I adopted a 4-year old GSD one month ago. He was neutered one month before that. As I mentioned in another thread, he shows tremendous (but friendly) force when he sees another dog -- he can spin me around (I'm a pretty big guy) and he barks like crazy.

My question: I understand that these things show a lot of variation, but is there any chance that he'll calm down a bit as hormone levels decline? I see small signs of progress, but don't know if that's a bond being formed or if he's just less forceful because of the operation.


----------



## Diesel and Lace (Apr 15, 2013)

While the neuter may help some, I would think this is more an issue of boundaries and rules. Your dog does not know the proper way to react probably due to the lack of training previous to you. My rescue was and still is a handful and has literally drug me across a field on my stomach, taken me skiing and beyond. The reason was not his reactive nature it was because he did not have clear rules on what I expected and how to react. 3 months later he now knows that when he gets into the "crazy" mode I am going to make him sit, heel, down, shake, do a number of commands to redirect his attention and calm him down. The key is to not let him get to the point of frenzy and to start working your commands right before hand. If he is in a frenzy you might as well talk to a tree because he is not going to hear you.


----------



## kiya (May 3, 2010)

I highly doubt neutering will change his behavior.


----------



## Draugr (Jul 8, 2011)

Took about 2-3 months for Jake. Not really a personality change so much as a behavioral change, definitely for the better.

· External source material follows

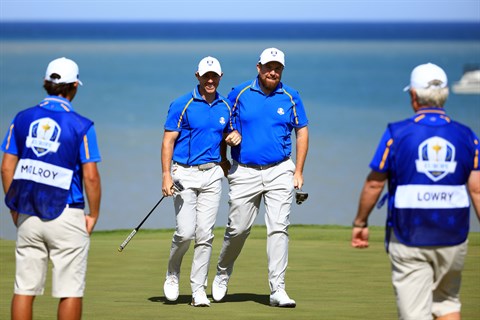 De (Noord-)Ierse topgolfers Rory McIlroy en Shane Lowry tijdens de Ryder Cup van 2021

It was a very slow change at first then sped up near the end until he settled down into his current temperament.


----------



## Jax08 (Feb 13, 2009)

GSDLearner said:


> I adopted a 4-year old GSD one month ago. He was neutered one month before that. As I mentioned in another thread, he shows tremendous (but friendly) force when he sees another dog -- he can spin me around (I'm a pretty big guy) and he barks like crazy.
> 
> My question: I understand that these things show a lot of variation, but is there any chance that he'll calm down a bit as hormone levels decline? I see small signs of progress, but don't know if that's a bond being formed or if he's just less forceful because of the operation.


It takes a minimum of 30 days for all the hormones to leave the body. My guess is, after 2 months, any changes that would occur due to neutering have already occurred.

This is a training issue. He has probably never had boundaries and rules. Find a good trainer. The bonding will come. Training is a great way to build a bond with your dog!


----------